Nextflow
========

Overview
--------

Nextflow is a reactive workflow framework built on the dataflow programming
model. In its current DSL2 syntax, pipelines are composed of modular processes
connected through channels. Each process runs in its own isolated environment,
with built-in support for Docker, Singularity, Conda, and cloud executors (AWS
Batch, Google Life Sciences, Azure Batch). Nextflow handles job scheduling,
fault tolerance with automatic retries, and seamless resumption of incomplete
runs via its caching mechanism.

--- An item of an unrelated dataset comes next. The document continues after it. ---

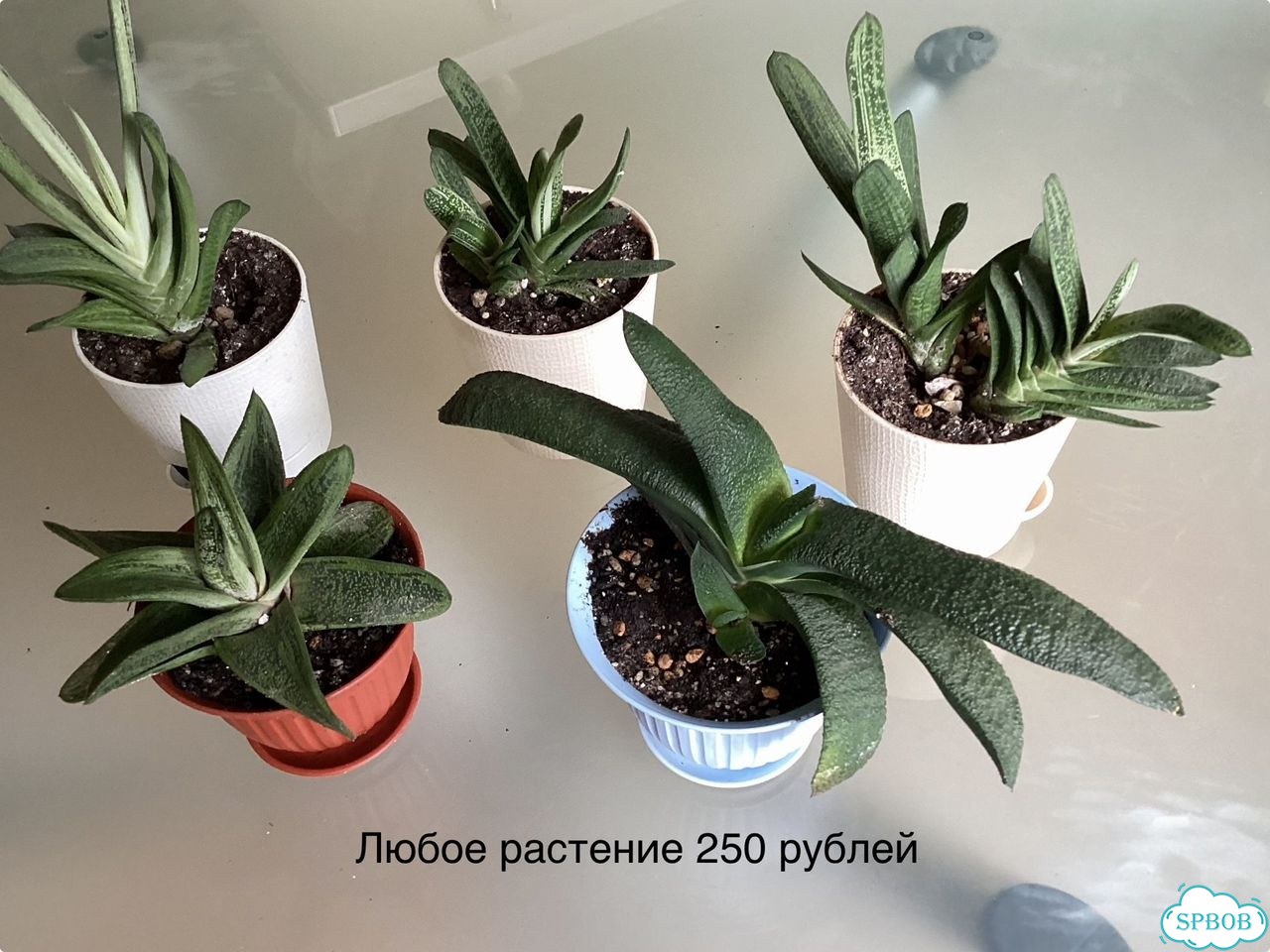 Гастерии различные сорта фото 6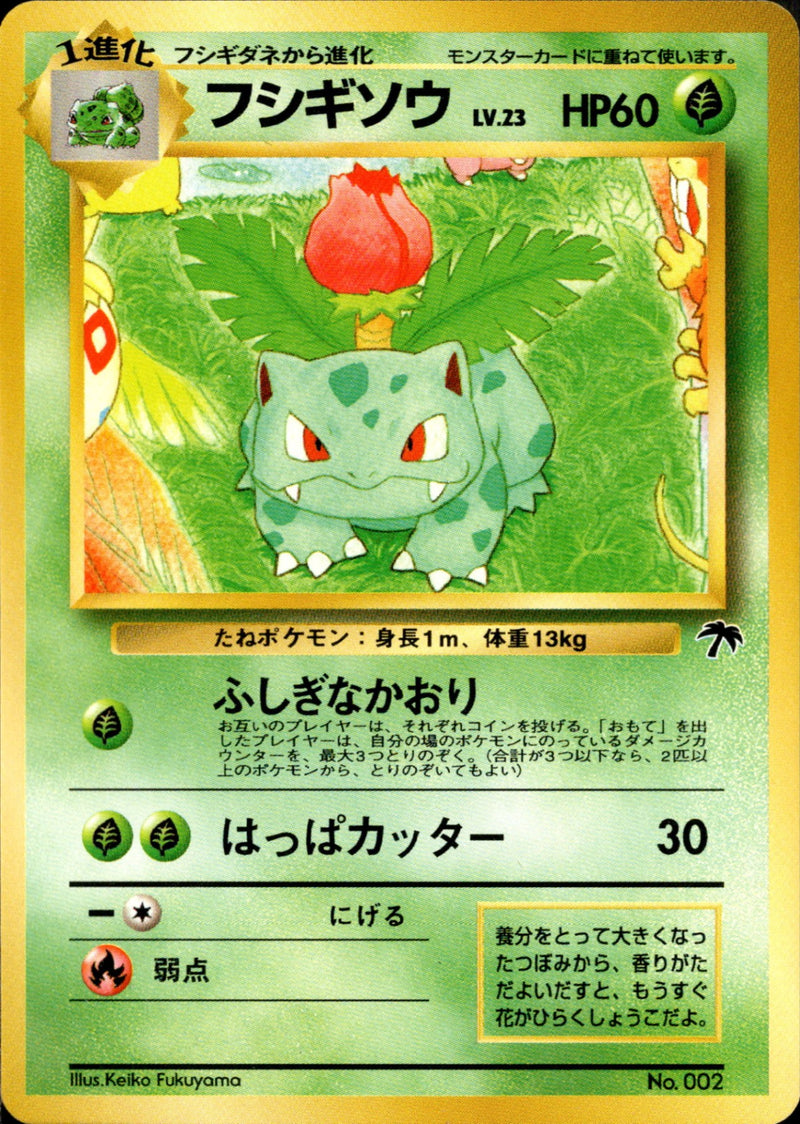 サザンアイランド / Southern Islands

The nf-core community maintains a large
collection of peer-reviewed, production-ready pipelines for common
bioinformatics analyses.

Pipeline Steps
--------------

A typical Nextflow QC pipeline follows these steps:

1. Create a channel of paired-end read files using ``fromFilePairs``.
2. Run FastQC on each sample to generate quality reports.
3. Trim adapters and low-quality bases with fastp.
4. Collect all QC outputs and aggregate them into a MultiQC report.

QC Pipeline
-----------

The pipeline below implements the complete quality-control workflow in Nextflow
DSL2. It reads paired FASTQ files from a glob pattern, runs FastQC and fastp in
parallel per sample, then aggregates all reports with MultiQC.

.. code-block:: groovy

   #!/usr/bin/env nextflow
   nextflow.enable.dsl = 2

   params.reads    = "data/*_{R1,R2}.fastq.gz"
   params.outdir   = "results"
   params.min_qual = 20
   params.min_len  = 50

   process FASTQC {
       tag "${sample_id}"
       publishDir "${params.outdir}/fastqc", mode: 'copy'
       conda 'bioconda::fastqc=0.12.1'
       cpus 2

       input:
       tuple val(sample_id), path(reads)

       output:
       path("*.html"), emit: html
       path("*.zip"),  emit: zip

       script:
       """
       fastqc -t ${task.cpus} ${reads}
       """
   }

   process FASTP {
       tag "${sample_id}"
       publishDir "${params.outdir}/fastp", mode: 'copy'
       conda 'bioconda::fastp=0.23.4'
       cpus 4

       input:
       tuple val(sample_id), path(reads)

       output:
       tuple val(sample_id), path("*_trimmed.fastq.gz"), emit: trimmed
       path("*.html"), emit: html
       path("*.json"), emit: json

       script:
       def (r1, r2) = reads
       """
       fastp -i ${r1} -I ${r2} \
         -o ${sample_id}_R1_trimmed.fastq.gz \
         -O ${sample_id}_R2_trimmed.fastq.gz \
         -h ${sample_id}_fastp.html \
         -j ${sample_id}_fastp.json \
         --qualified_quality_phred ${params.min_qual} \
         --length_required ${params.min_len} \
         --detect_adapter_for_pe \
         --thread ${task.cpus}
       """
   }

   process MULTIQC {
       publishDir "${params.outdir}/multiqc", mode: 'copy'
       conda 'bioconda::multiqc=1.21'

       input:
       path('*')

       output:
       path("multiqc_report.html")

       script:
       """
       multiqc . -o . --force
       """
   }

   workflow {
       read_pairs_ch = Channel
           .fromFilePairs(params.reads, checkIfExists: true)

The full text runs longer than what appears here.